= Task prompt =
The whole listing below is to be copied exactly, with every picture left out.

= Information provided =
=== Begin Enclosure ===

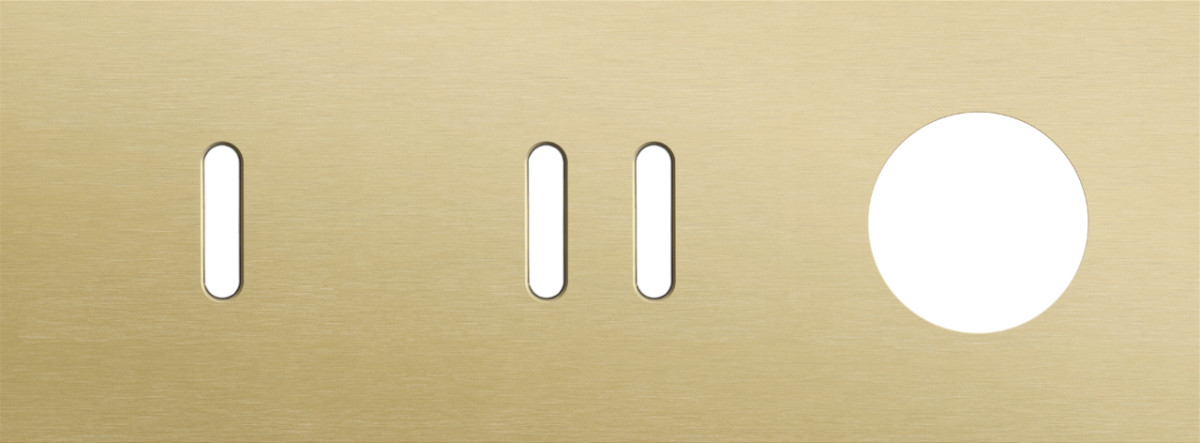 Niko Switches & Sockets Drievoudige Afdekplaat, horizontaal 71 MM centerafstand,voor een enkel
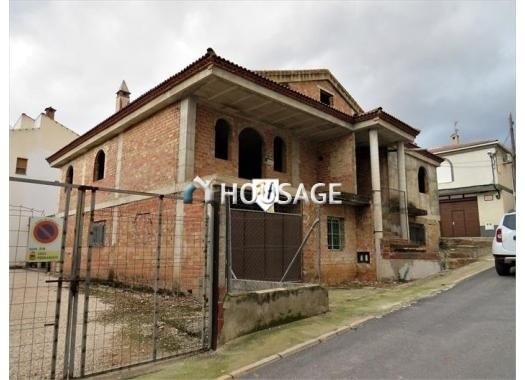 Casa a la venta en la calle Avenida De Andalucía 2, Fuensanta De Martos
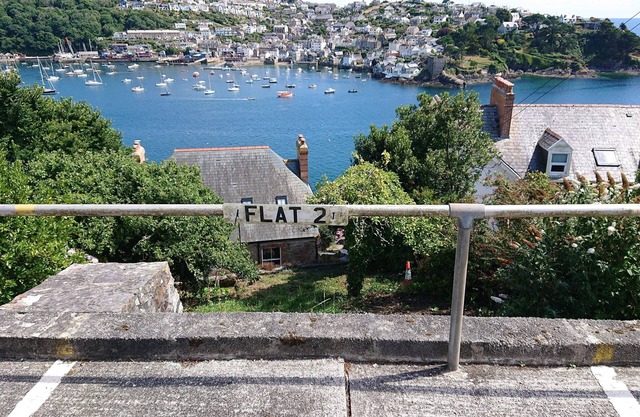 SEASPRAY spectacular views, central Fowey, parking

=== End Enclosure ===

= Task output =
 Niko Switches & Sockets Drievoudige Afdekplaat, horizontaal 71 MM centerafstand,voor een enkel
 Casa a la venta en la calle Avenida De Andalucía 2, Fuensanta De Martos
 SEASPRAY spectacular views, central Fowey, parking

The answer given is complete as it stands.